Zig-zags and curly-cues: These are either an electron or positron (the electron’s anti-matter twin). Electrons and positrons are created when a cosmic ray crashes into atmospheric molecules. Electrons and positrons are light particles and bounce around when they hit air molecules, leaving zig-zags and curly-cues.

Forked tracks: If the track splits, we can deduce two things: either we just saw a particle decay or we saw ionization of an atom. Many particles are unstable and will decay into more stable particles. It can also be a possibility that some particle has just knocked off an electron from an atom and that electron forms a track of its own whereas the particle gets deflected towards some other side.


  1. Clear plastic or glass tank (such as a fish tank)
  2. A metal sheet which can cover the glass chamber
  3. Felt
  4. Rubber
  5. Isopropyl alcohol (90% or more)
  6. Dry ice (frozen carbon dioxide)
  7. A hot water bag
  8. Vaseline
  9. Black chart paper


  1. The back surface and one of the side surfaces were completely covered with black chart paper. The other side surface was covered in such a way that some space was left in the bottom for the torchlight to enter.
  2. For better visualization the metal plate was also painted black.
  3. A layer of tyre rubber was put around the edge of the open face of the glass tank to make the container air tight.
  4. The felt was cut so as to match the size of the bottom of the glass tank. It was then glued to inside of the tank (on the bottom surface).
  5. Once the felt was secured, it was soaked with isopropyl alcohol until it was saturated.
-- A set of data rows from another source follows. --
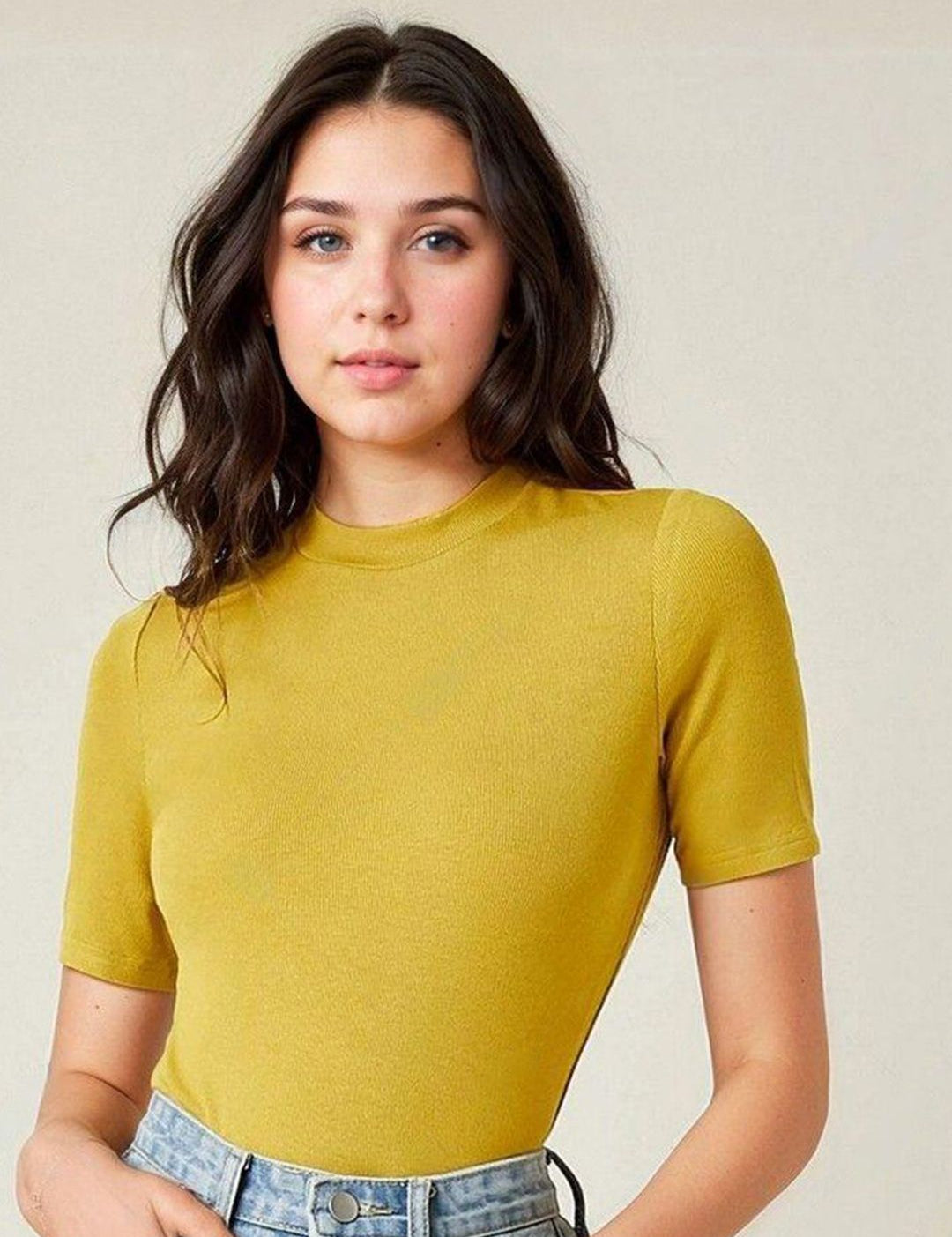 Kotty Women Solid High Neck Top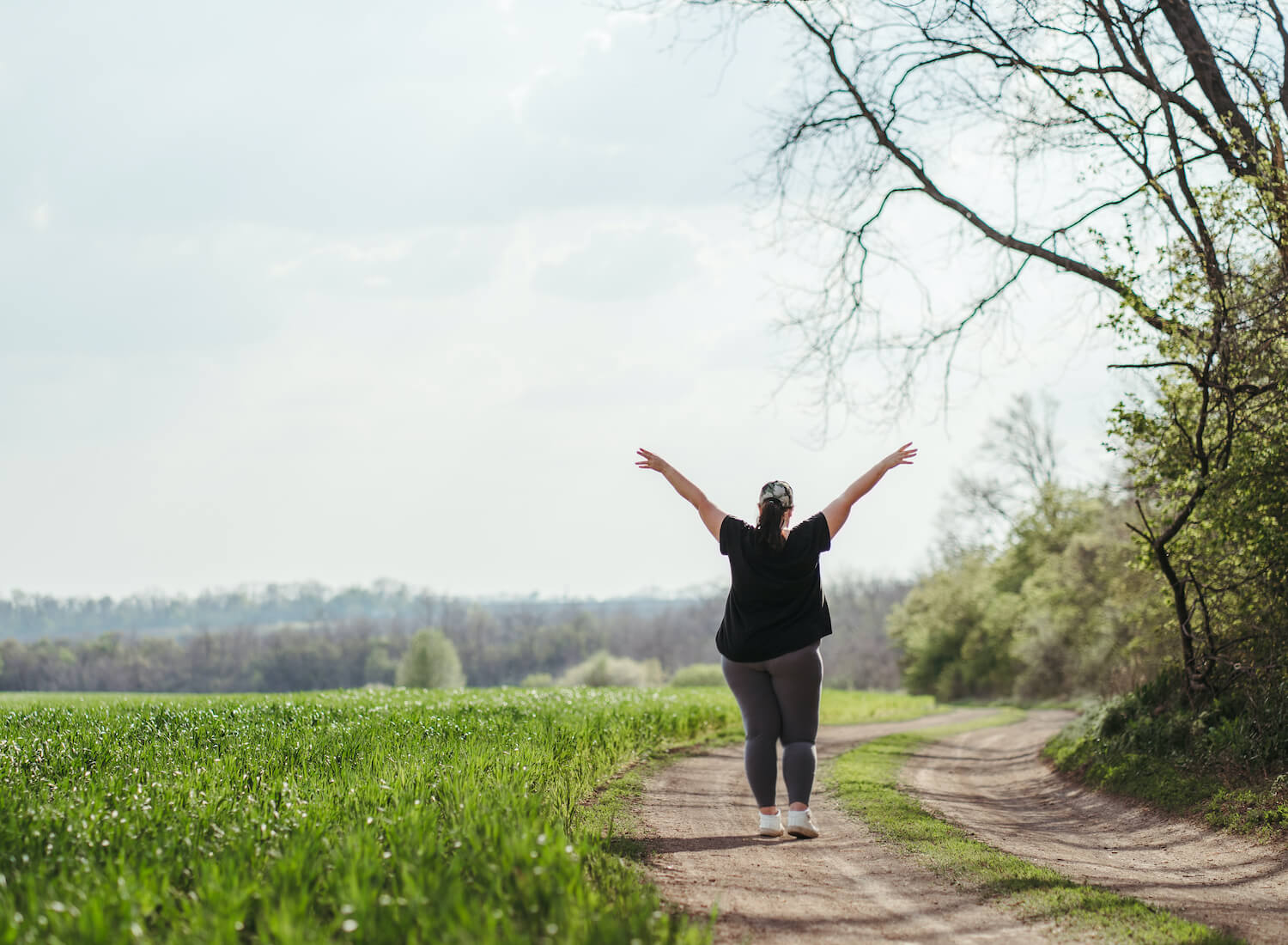 Life,Goals,And,Achievement.,Happy,Woman,Standing,In,Nature.,Female Reflux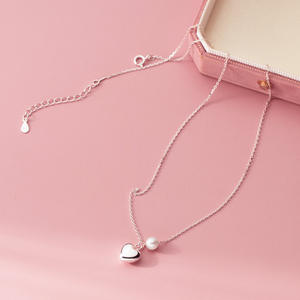 Collar de Perlas Cuadradas S925 de Plata, Estilo Fresco y Dulce, Diseño de Nicho, Personalizado y Simple, Y01894 - Product Image 4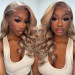 light brown blonde wigs with highlights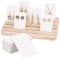 nbeads Holz Ohrringe Ständer, 6 Slots Schmuck Ohrring Display Halter Kartenhalter Organizer Einzelhandel mit Karton Karten, 27.7x16.7cm, 6 Slots - Holzfarbe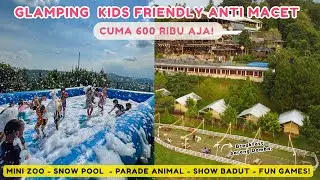 GLAMPING MURAH DI SENTUL ❗️ WOOLY HOTEL & GLAMPING || GLAMPING KIDS FRIENDLY || GLAMPING BARU MURAH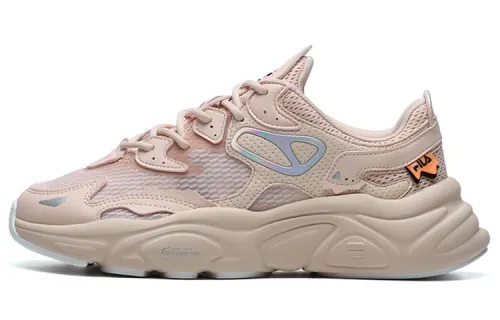 FILA FUSION Fila trendy brand Mars 1 fabric, comfortable, fashionable and casual, low-top dad shoes, women's style, peach color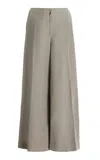 Totême Zipped Organic Cotton Wide Pants In Grey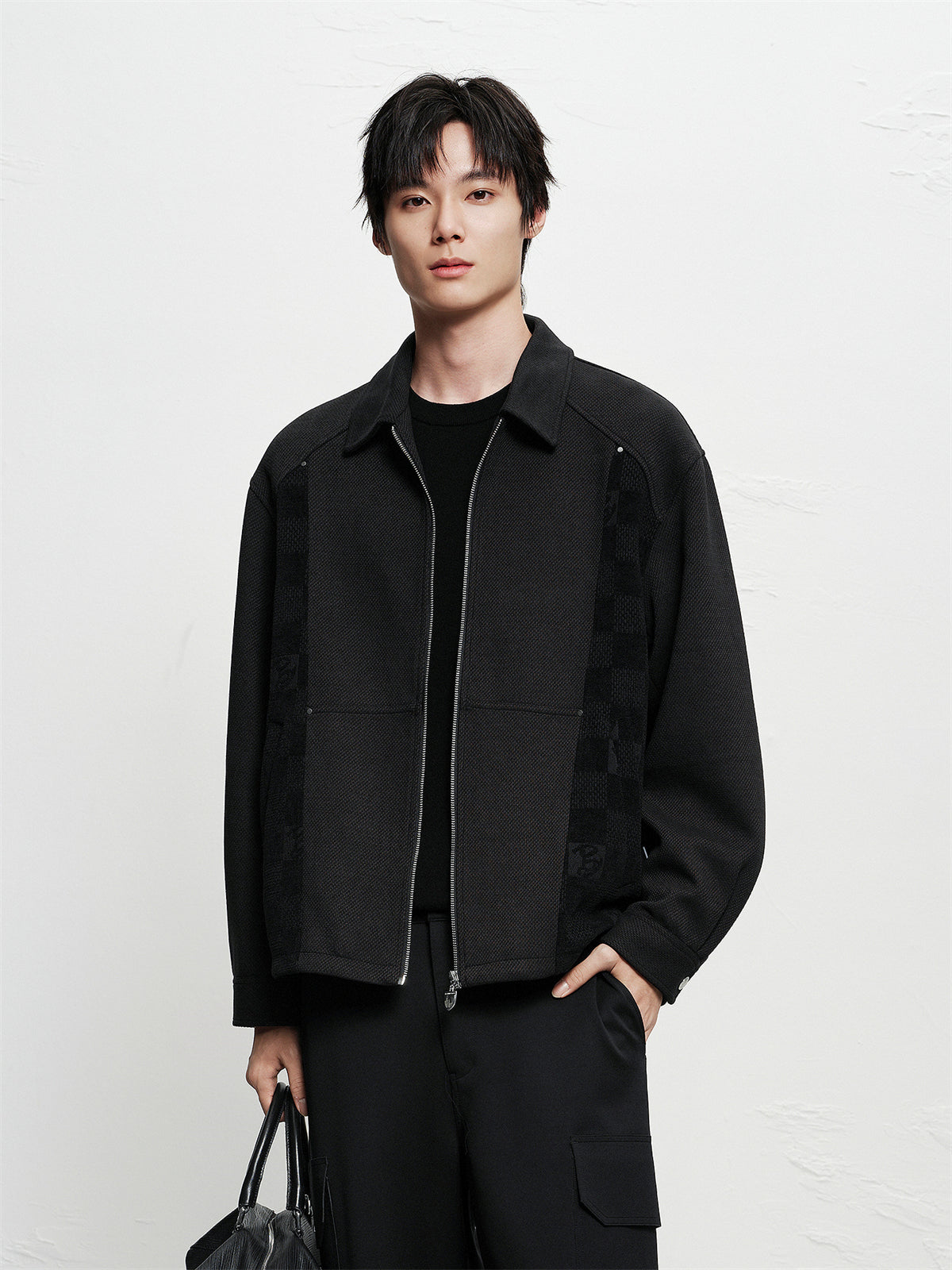 Men's Chenille Tonal Panel Jacket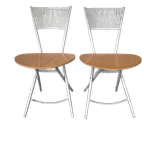 2x Vintage Folding Chairs From Fly Line (set) thumbnail 1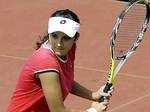 Sania Mirza's training session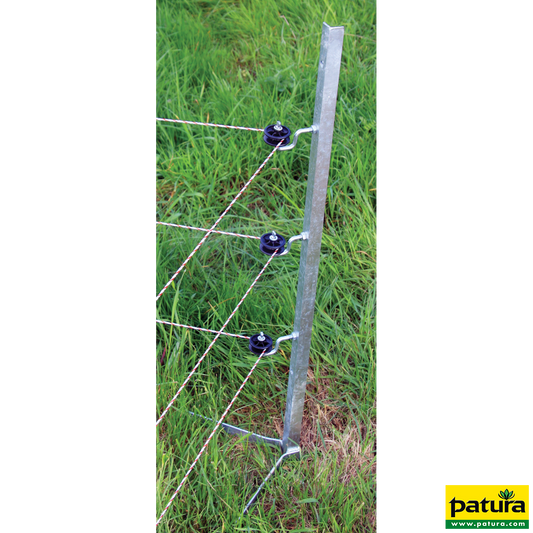 Metalleckpfahl Super, für mobile Zäune bis 0,90 m Höhe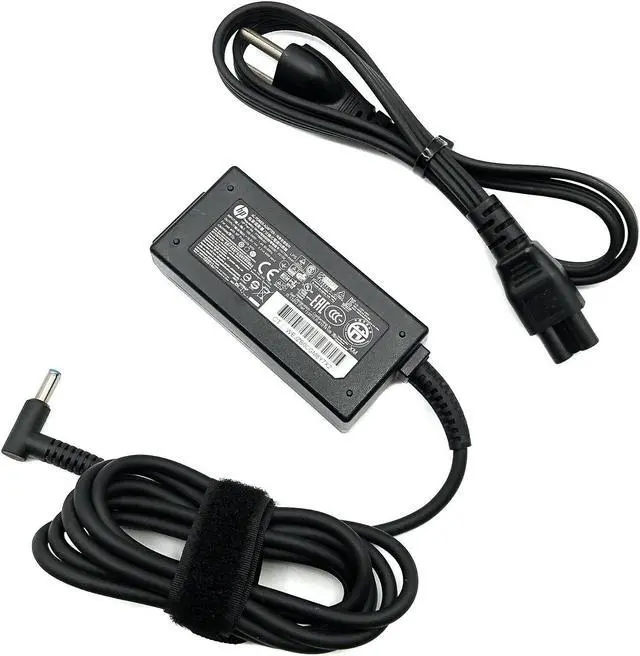 Alt view image 5 of 5 - Genuine HP 45W AC Power Adapter Charger for Pavilion 17-G Laptop w/Cord OEM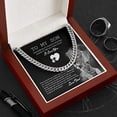 thumbnail image 2 of To My Son from Dad Necklace, Adult Silver Men Chain Necklace, Son Christmas Present, Message for Son, 2 of 3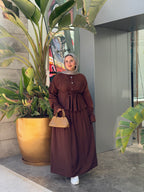 JAMILA SET ( BROWN )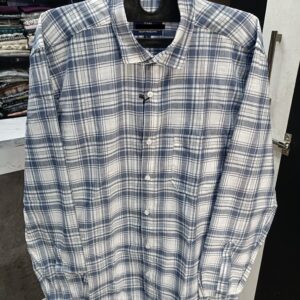 TWILL CHECKED SHIRT - GRAY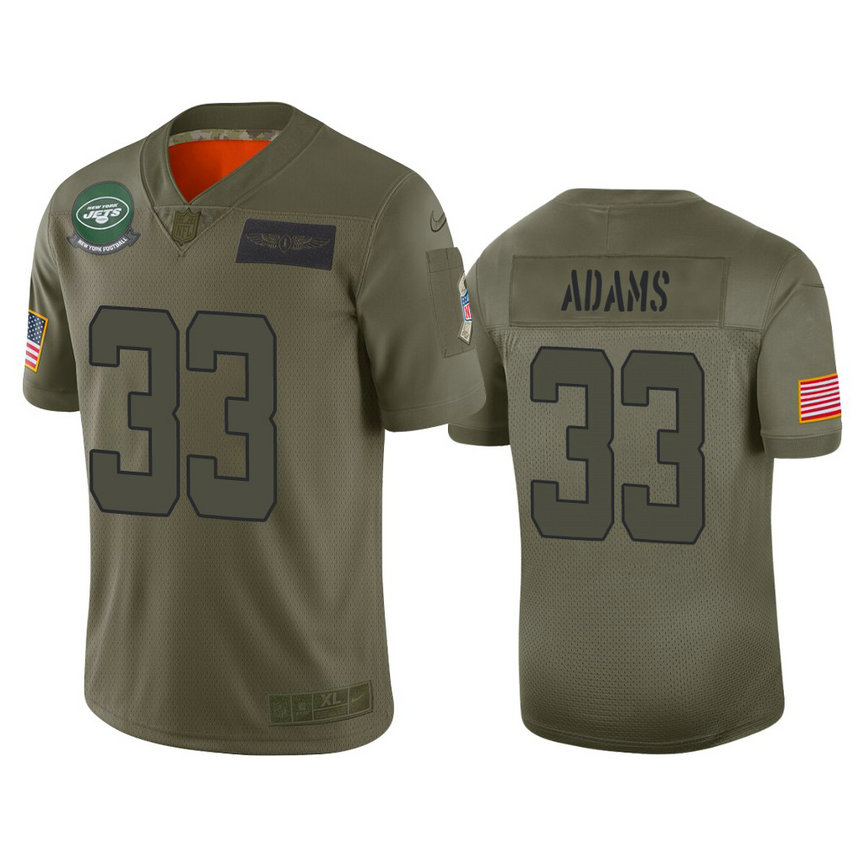 New York Jets #33 Jamal Adams Camo 2019 Salute to Service Limited Jersey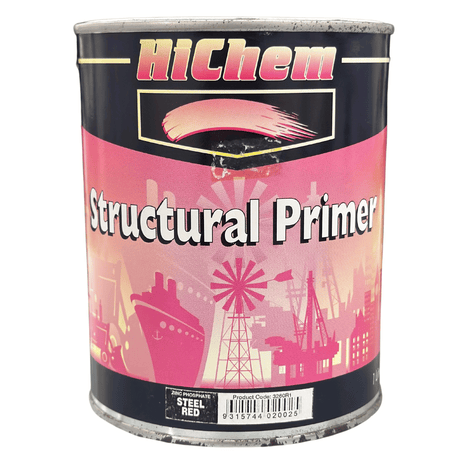 Steel Red Structural Primer Alkyd Based High Quality 1Ltr/4Ltr - HiChem | Universal Auto Spares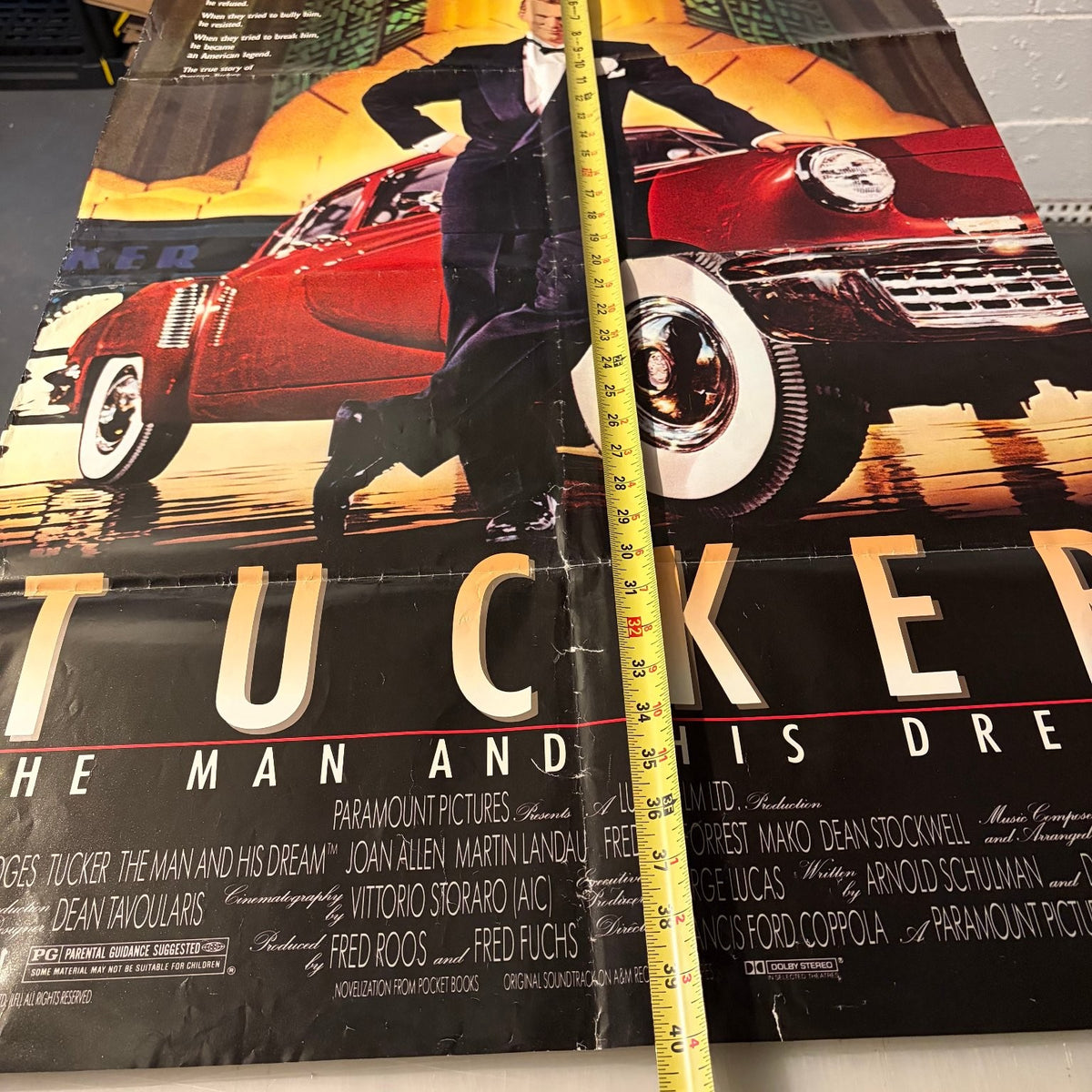 Tucker The Man and His Dream 1988 One Sheet Movie Poster Jeff Bridges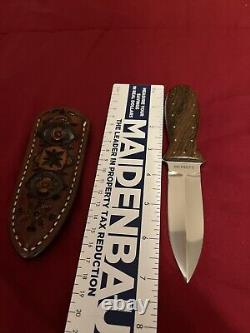 Jim Merritt Custom Knife /sheath 1970's Loveless Partner. Rare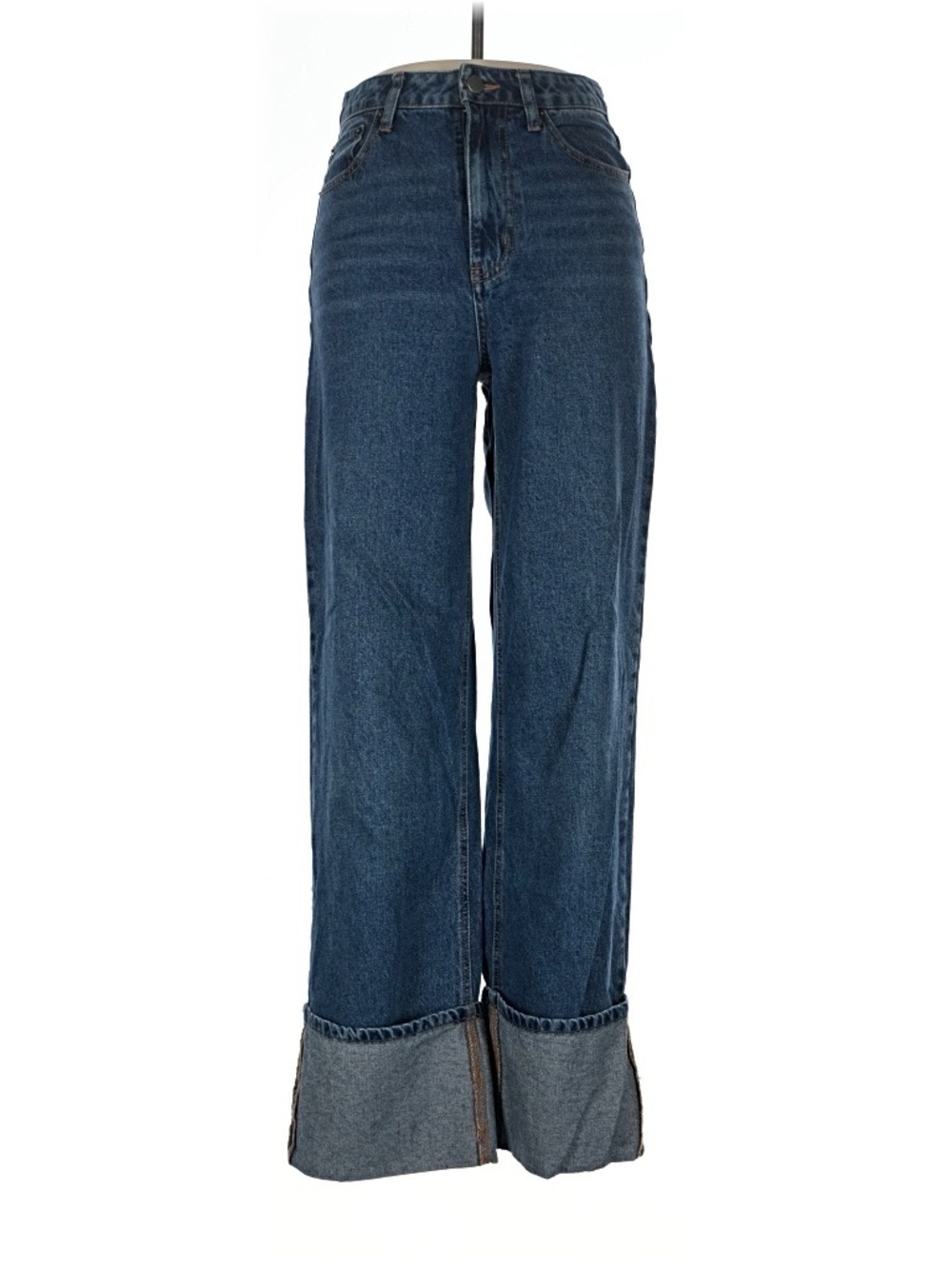 bp Dark Blue Wide Leg Flare Jeans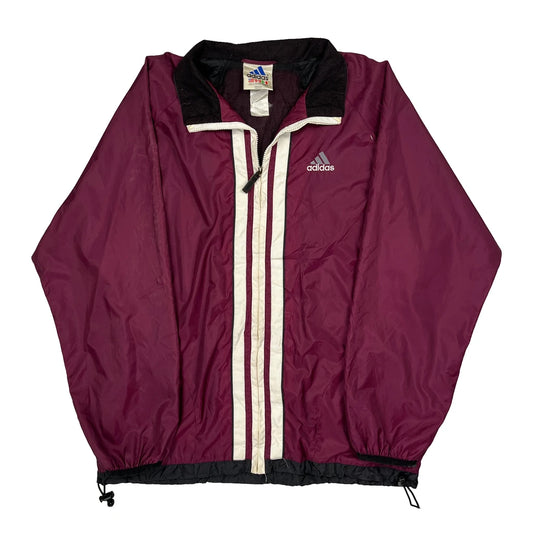 Adidas Windbreaker - Medium Burgundy Polyester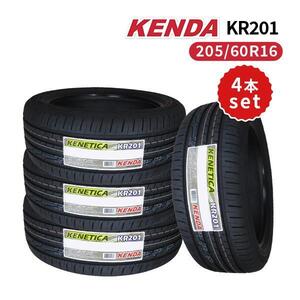 4本セット ミニバン 205/60R16 2024年製造 新品サマータイヤ KENDA KR201 送料無料 ケンダ 205/60/16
Any excess alcohol was drained off. It may be possible that due to the weight of the soaked in alcohol, the felt may fall. To prevent this, the felt was secured with the help of wires. This was done before soaking the felt with alcohol.
  6. The glass tank was then placed over the metal plate so that the felt-covered bottom of the tank was on topside. Some vaseline was put around the joint to make the chamber air-tight.
  7. Now the tank along with the metal plate was placed over dry ice. It was made sure that the metal plate lies flat on the dry ice. The dry ice was kept in an ice-chest so that it was more stable.
  8. The metal plate soon became very cold because of the dry ice. Now the hot water bag was placed on top of the glass tank in order to create a steep temperature gradient.
  9. After 10 minutes lights were turned off and flashlight was shone into the bottom 2 inches of the tank.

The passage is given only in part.